So there were so many fluctuations and we were keep bringing merchandise at different cost levels, so it was a little bit hard to -- in the second quarter, in particular, to even price merchandise. But we believe that definitely, given our long-term view in Colombia, the most important thing for us is to try to be more reasonable with price increases, and obviously, be there for the members to sustain the long-term position.
- Analyst
Okay. That's all extremely helpful, Jose Luis. Then maybe just one more, in terms of the March comp, obviously you had a benefit still Semana Santa, just in the weeks leading up to that, or the week leading up to that. Is there a way to maybe quantify that, John, or is there a good way to think about that, and then alternatively just also think about how much we should be thinking that should weigh in April?
- EVP & CFO
The bigger impact is -- which will be comparable -- is the fact that we have so many clubs that are closed right around Easter.

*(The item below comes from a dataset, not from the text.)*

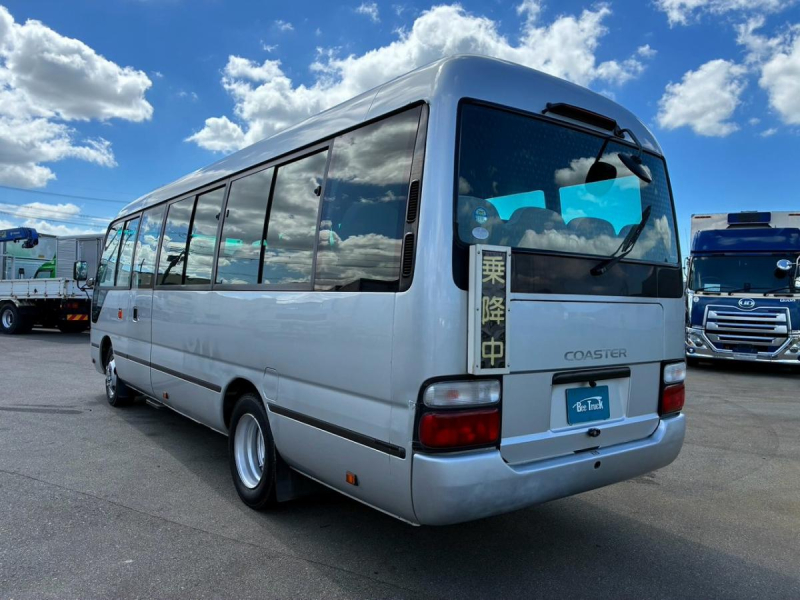トヨタ バス コースター|中古トラックの販売・買取・査定のアイナビ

All of our clubs are closed on Good Friday, a number of them are closed on the Thursday before, and we have a number that are closed on Easter Monday.
The good news is that will -- all those will both fall into April. The impact of what that week leading up to Semana Santa falling one week versus the other, we think it had an impact, but we are not in a position to make an estimate of what we think -- how that will play out in April. Jose Luis?
- President & CEO
The only thing I will add, David, obviously we got the benefit of the good days in March. April will be more of a comparable because the closing dates fortunately are falling on the same month. Although, as I said, on my opening comments, or during my comments, I believe that we are better prepared this year for this third quarter.

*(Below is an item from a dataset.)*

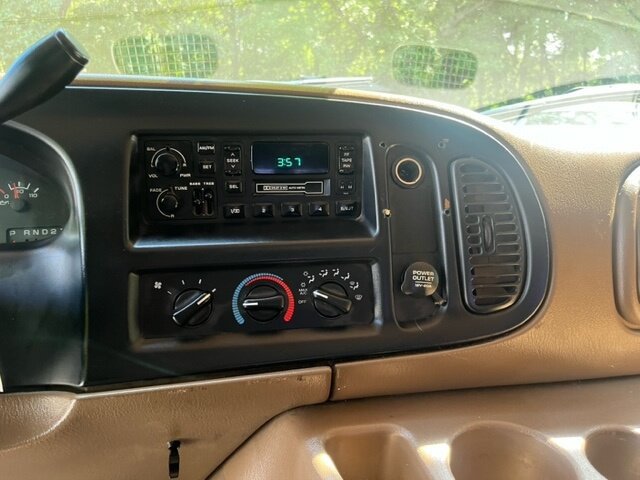Used 2000 Dodge B1500 RWD image 10
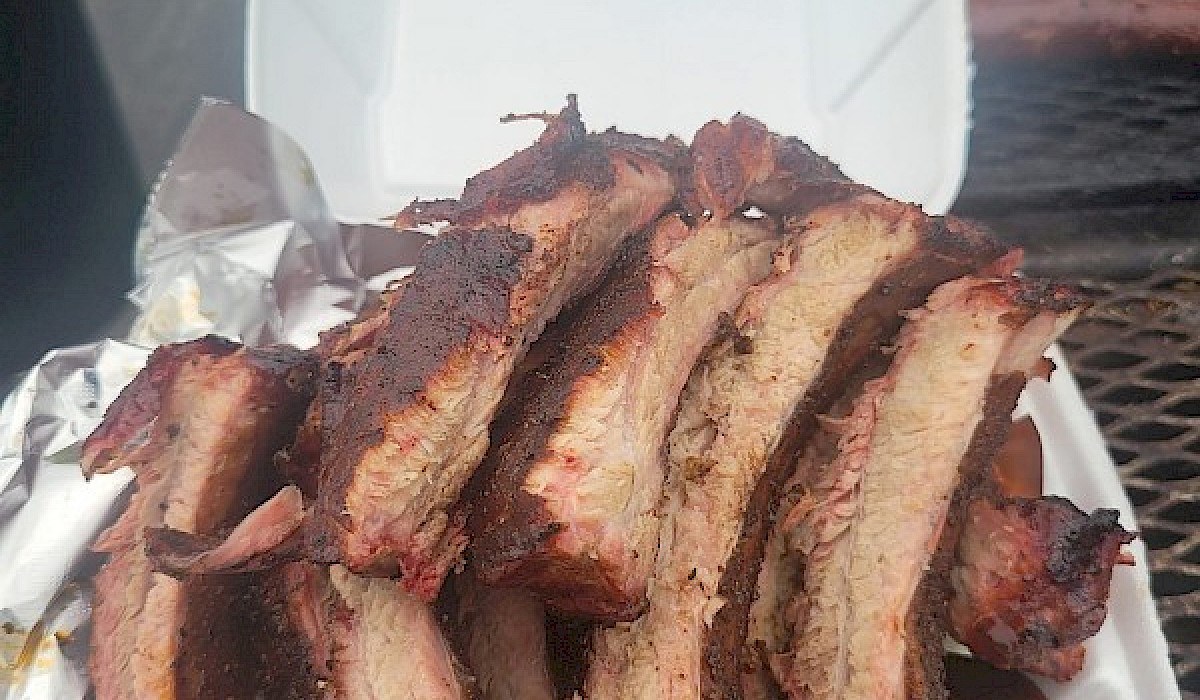 clamshell of bbq ribs at a restaurant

Our merchandise selection, a lot of improvements that we have seen in different categories or departments in the Company, are going to help us have a better performance in April, even with the closing days and all that. All-in, usually the way we look at it internally is we put together March and April to get a feeling of what the real comp, because mixing those two months gives you really the real growth that you have compared to a year ago within the same time frame, March and April.
- Analyst
Okay that's great color. Good luck.
- President & CEO
Thank you, David.
Operator
We'll go to our next question from David Strasser with Janney Capital Markets.
- Analyst
Thank you very much. Just a clarification. You haven't given local currency comps. Is there any chance of getting that, particularly for Colombia, and maybe some of the core markets?
- EVP & CFO
Well, Dave, let me just jump on that and then Jose Luis can join in, too. When you do constant currency, or currencies across different market baskets, you have got to go back to a constant currency view. We can look at Colombia as an individual country, and Jose Luis mentioned that we had about 126% growth in local currency across that country. When we aggregate in all of the other countries, we have to go back to a constant currency approach, since you can't add the currencies together.

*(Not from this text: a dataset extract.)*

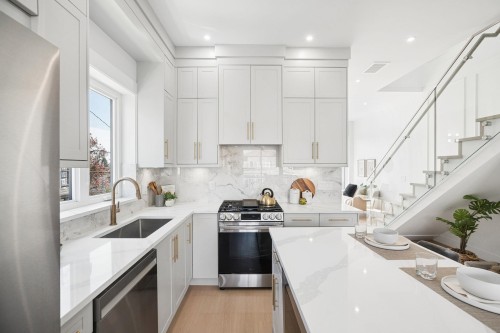 2-1005 55Th Avenue E, Vancouver, BC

Generally, our currencies devalue against the US dollar, so it's safe to say that our -- if you were to do the market basket of the currencies that we have, weighted by the clubs we have, our constant currency growth rate would be probably 200 to 300 basis points higher than what we report in US dollars. I don't think its been much different than that for the last year or two years. I don't recall a time when the US dollar growth rate would be higher than the constant currency growth rate and it's probably in that 200 to 400 basis point range.
- Analyst
Okay. Another question is as you're looking out for new store growth, two questions. Number one, it sounds like ex the currency stuff, Colombia is going probably as good or probably better than you had anticipated and pretty happy with it. Is there any decision -- does it change your decision process about timing of store openings there?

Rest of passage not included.